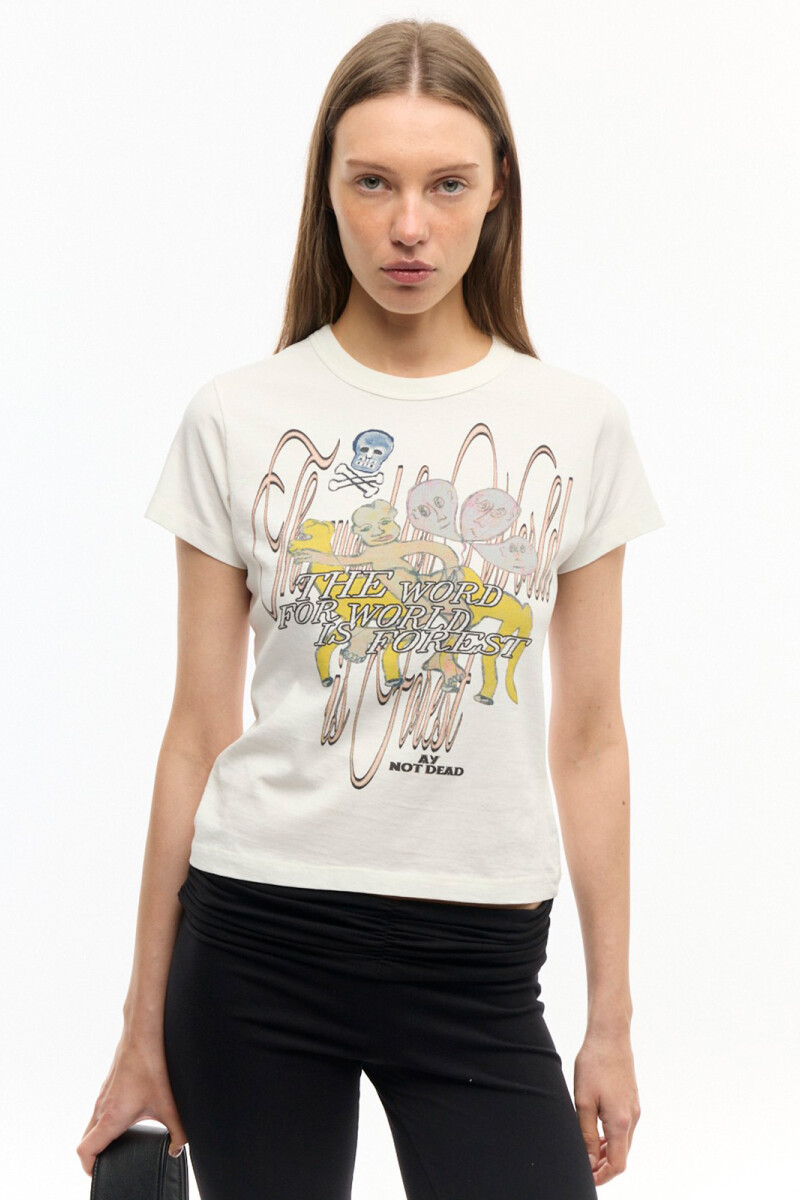 REMERA FOREST Crudo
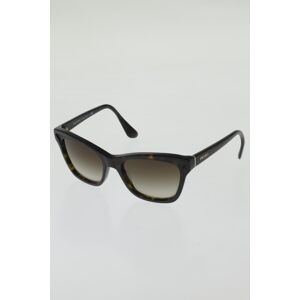 Prada Damen Sonnenbrille, braun, Gr.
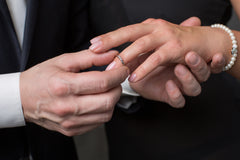 man and women with promise rings
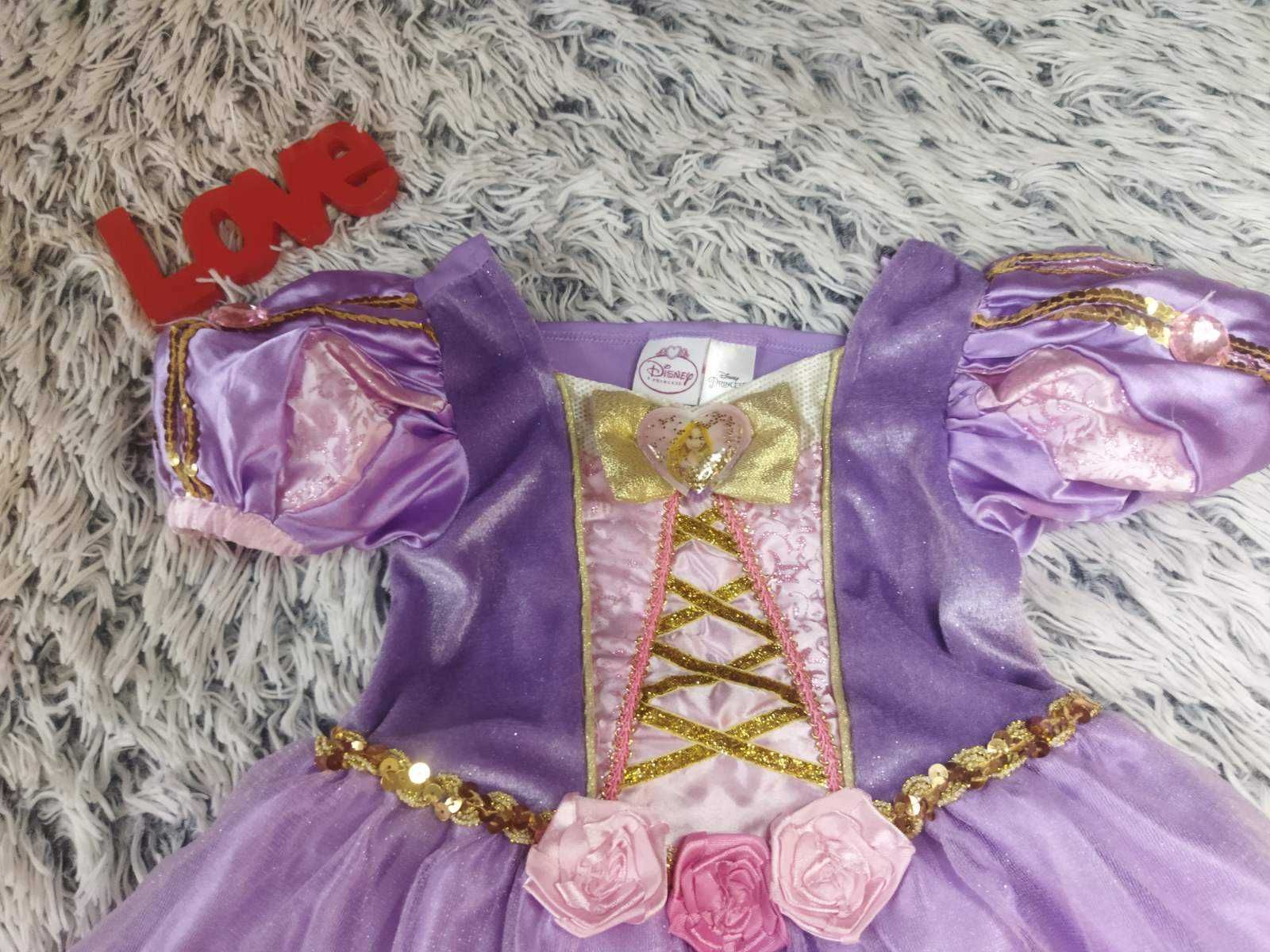 Детский карнавальный костюм Рапунцель,Дисней,платье,Rapunzel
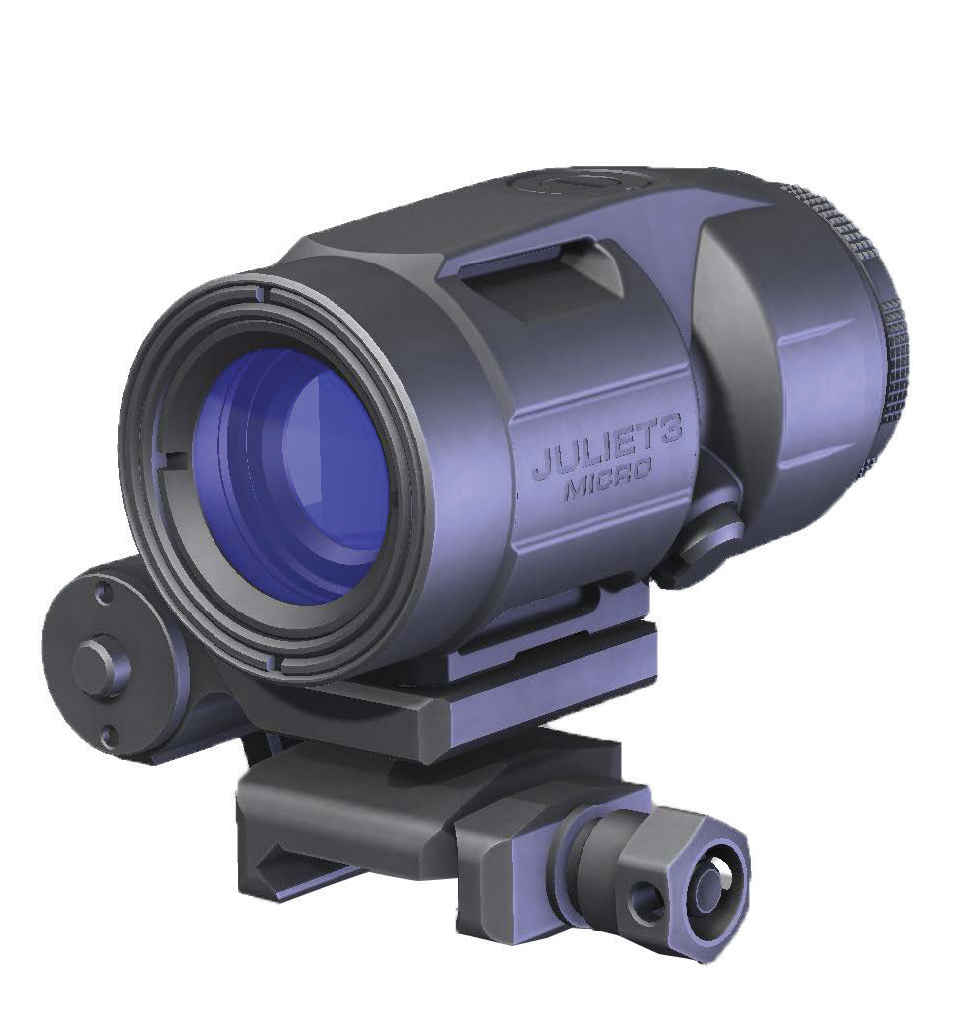 SIG SAUER ELECTRO-OPTICS SOJ3M001 JULIET3-MICRO MAGNIFIER BLACK 3X 22 MM 90 DEGREE PUSH BUTTON FLIP-TO-SIDE MOUNT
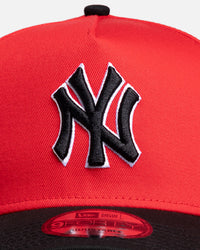 New Era New York Yankees 'Two-Tone' 9FORTY A-Frame Snapback Red/Black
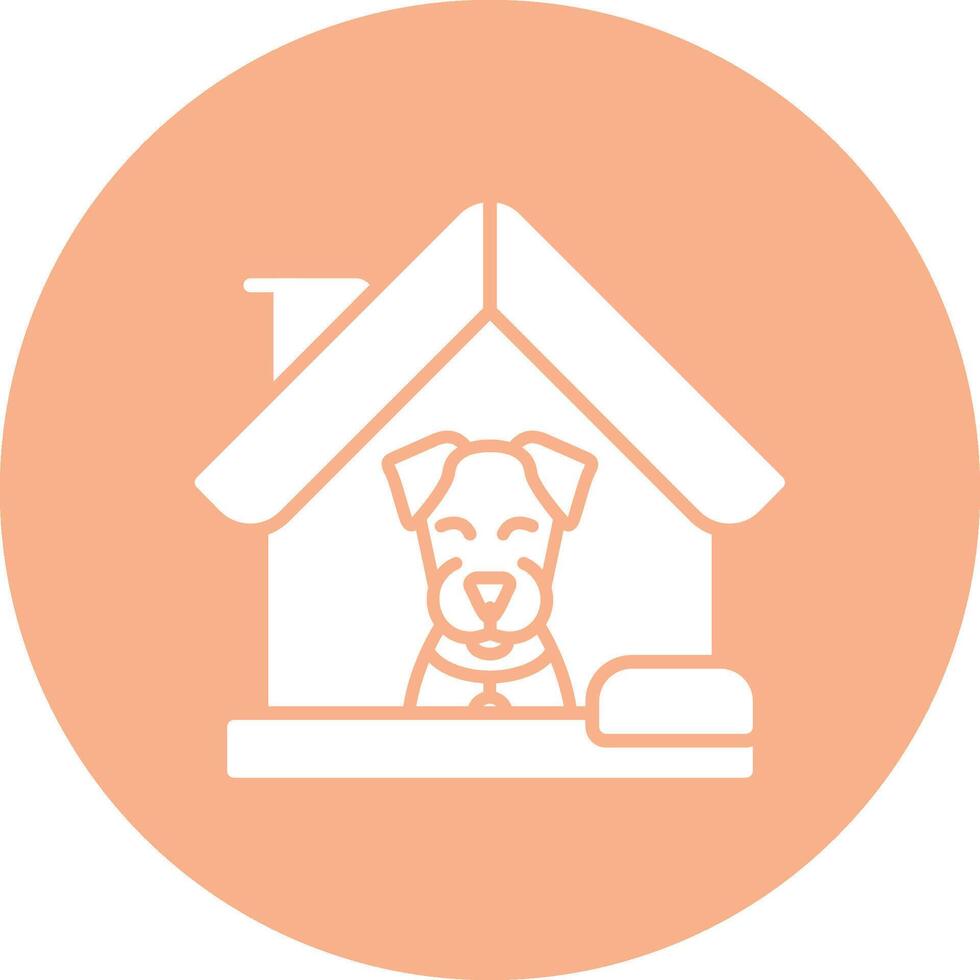 Dog House Sleek Graphic Mark vector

******************************

The problem — Please transcribe exactly the lines from the one that contains "man and women with promise rings" through the closing line of the entries, with no pictures.

Result below —
 man and women with promise rings
 Детский карнавальный костюм Рапунцель,Дисней,платье,Rapunzel
 SIG SAUER ELECTRO-OPTICS SOJ3M001 JULIET3-MICRO MAGNIFIER BLACK 3X 22 MM 90 DEGREE PUSH BUTTON FLIP-TO-SIDE MOUNT
 New Era New York Yankees 'Two-Tone' 9FORTY A-Frame Snapback Red/Black
 Dog House Sleek Graphic Mark vector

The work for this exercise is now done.